Others were plain opportunists, exaggerating their stories with an eye to the main chance. Eventually, the advance team that went to the US ahead of the prime ministerial visit had to sift the genuinely useful and influential from the hangers-on.
The length of how long a person had known Narendra Modi was less important than his or her specific utility to a political-diplomatic outreach mission and its attendant messaging.
The Indian community groups and the diaspora individuals who have the social or economic cachet, and the political clout, to dial Capitol Hill or put in a word with the administration may not be the same as an acquaintance who could have spent many hours with an Indian politician several years ago.
While the acquaintance cannot and must not be snubbed, a prime minister and a government have to take trenchant, unemotional calls on who in the diaspora serves India’s purpose better and who does not quite make the cut.
If Indian diaspora politics in Britain were to be viewed through a similar prism, it would show Vaz and some of his smarmy friends as having diminishing value.
They represent an old mode of diaspora politics, with Vaz himself being the British Indian equivalent of the Sarkari Musalman — the power wielder who does more for himself than his community.
He has friends among a chosen few of India’s rich and powerful, who dutifully turn up in London every summer as refugees from a heat wave or occasionally from an investigation for economic crimes.
His strength is in opening doors for them. Vaz is no stranger to notoriety, having used his connections to lobby for passports and visas and meetings for rich friends previously.

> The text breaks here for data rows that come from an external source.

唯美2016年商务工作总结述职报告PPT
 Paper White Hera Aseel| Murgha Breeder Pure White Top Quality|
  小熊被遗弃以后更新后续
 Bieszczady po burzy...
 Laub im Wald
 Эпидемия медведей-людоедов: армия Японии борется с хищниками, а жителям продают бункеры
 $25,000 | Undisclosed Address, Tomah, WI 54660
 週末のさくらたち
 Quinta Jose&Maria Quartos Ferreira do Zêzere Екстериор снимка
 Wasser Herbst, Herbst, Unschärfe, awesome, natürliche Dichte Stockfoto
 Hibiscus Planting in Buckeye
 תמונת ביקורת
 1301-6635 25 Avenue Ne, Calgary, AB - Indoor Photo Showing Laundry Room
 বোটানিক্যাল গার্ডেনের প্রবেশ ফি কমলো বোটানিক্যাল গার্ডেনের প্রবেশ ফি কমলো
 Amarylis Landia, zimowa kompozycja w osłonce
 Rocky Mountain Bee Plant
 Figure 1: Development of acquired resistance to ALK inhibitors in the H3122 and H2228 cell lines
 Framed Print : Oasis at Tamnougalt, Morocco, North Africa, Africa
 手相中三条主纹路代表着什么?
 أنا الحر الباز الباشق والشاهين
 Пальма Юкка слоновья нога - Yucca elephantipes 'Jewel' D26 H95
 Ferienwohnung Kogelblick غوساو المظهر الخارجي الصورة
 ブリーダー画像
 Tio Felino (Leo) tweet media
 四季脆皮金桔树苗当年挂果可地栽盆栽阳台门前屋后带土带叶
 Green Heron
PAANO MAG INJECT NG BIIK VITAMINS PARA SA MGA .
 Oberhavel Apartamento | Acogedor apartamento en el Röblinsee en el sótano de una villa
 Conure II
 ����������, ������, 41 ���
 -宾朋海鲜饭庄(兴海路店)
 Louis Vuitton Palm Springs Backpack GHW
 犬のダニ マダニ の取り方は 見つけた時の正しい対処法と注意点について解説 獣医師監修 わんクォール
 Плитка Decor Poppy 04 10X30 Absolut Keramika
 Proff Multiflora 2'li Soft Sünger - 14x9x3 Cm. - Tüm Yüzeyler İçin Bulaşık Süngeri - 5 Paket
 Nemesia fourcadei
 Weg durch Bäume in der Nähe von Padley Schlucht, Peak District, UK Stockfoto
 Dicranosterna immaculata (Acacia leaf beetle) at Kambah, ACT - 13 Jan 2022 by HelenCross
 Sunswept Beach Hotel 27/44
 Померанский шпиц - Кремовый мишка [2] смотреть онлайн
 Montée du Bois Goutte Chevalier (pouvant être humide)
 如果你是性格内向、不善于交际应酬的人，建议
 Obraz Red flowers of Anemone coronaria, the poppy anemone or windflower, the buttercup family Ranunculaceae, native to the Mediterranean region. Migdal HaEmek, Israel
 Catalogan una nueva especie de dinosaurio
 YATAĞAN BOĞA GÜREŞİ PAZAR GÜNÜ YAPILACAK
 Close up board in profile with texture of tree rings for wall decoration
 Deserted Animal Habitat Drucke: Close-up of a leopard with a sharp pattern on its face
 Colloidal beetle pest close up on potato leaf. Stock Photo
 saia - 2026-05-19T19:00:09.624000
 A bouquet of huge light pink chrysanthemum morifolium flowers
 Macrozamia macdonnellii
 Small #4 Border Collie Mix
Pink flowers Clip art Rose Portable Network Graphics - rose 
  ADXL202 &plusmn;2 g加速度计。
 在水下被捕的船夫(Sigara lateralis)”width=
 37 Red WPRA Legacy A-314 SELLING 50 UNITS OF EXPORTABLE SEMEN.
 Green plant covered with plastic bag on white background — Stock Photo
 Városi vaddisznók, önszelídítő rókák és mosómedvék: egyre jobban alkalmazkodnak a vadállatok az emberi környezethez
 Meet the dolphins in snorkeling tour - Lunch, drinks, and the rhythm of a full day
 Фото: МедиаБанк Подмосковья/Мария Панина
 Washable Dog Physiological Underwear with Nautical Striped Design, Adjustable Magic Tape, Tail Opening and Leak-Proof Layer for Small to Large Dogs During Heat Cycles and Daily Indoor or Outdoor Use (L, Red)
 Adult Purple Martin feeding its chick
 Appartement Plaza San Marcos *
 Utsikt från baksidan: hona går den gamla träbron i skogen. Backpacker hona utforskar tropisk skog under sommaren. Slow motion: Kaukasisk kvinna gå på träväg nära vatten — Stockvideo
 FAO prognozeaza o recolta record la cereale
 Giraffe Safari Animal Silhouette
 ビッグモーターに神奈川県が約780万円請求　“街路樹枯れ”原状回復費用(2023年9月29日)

Other than habitual interference in the British immigration system, he did the outrageous thing of campaigning in an election in India: for the infamous Alemao family in Goa in 2012.
He has a reputation for fixing things, and this draws a type of Indian businessman or politician to him.
Yet, does this template help India and India’s foreign policy? No.
It is worth noting that though Vaz retained his Leicester East seat, his model of diaspora politics failed spectacularly in this summer’s British general election.
He was among Ed Miliband’s key advisers in a campaign that resorted to old style diaspora slicing and dicing, ignoring the aspirational middle classes, being fixated on traditional vote managers, and obsessing with balancing the Pakistani Muslims there with the Indian Hindus here and the Bangladeshis elsewhere.
It didn’t work. In contrast, David Cameron and the Conservatives bet on an emergent and much more wholesome political constituency.
It was constructed of middle-class folk of Indian ancestry and origin, with white collar jobs and small businesses and an intense desire to be part of and to shape mainstream identity in a New Britain — rather than be typecast as an ‘ethnic minority’ with a perennially limited footprint.
In the end, Cameron was right and Vaz and Miliband were wrong. The Indian constituency in Britain that represents the salient and prominent trends of the diaspora is not the one Vaz says he speaks for.
It is with the Conservatives for the moment. In a future election, under a more sensible, centrist and electable Labour leadership, and with a more credible party envoy than Vaz, this constituency may well swing to the Labour Party.
It is this constituency and this political stream that Indian diplomats, politicians and foreign-policy strategists need to interact with. It is this constituency that has influence and gets a hearing in the corridors of power, or in the city for that matter.
It is this constituency that is an optimum and a contemporary link between New Delhi and London. Vaz in Britain, like countless ‘unclejis’ in America, is yesterday’s story.
Diaspora politics has undergone a paradigm shift. Unfortunately, not everyone back home in Lutyens’ city seems to have quite realised that.
Ashok Malik is a Delhi-based political commentator.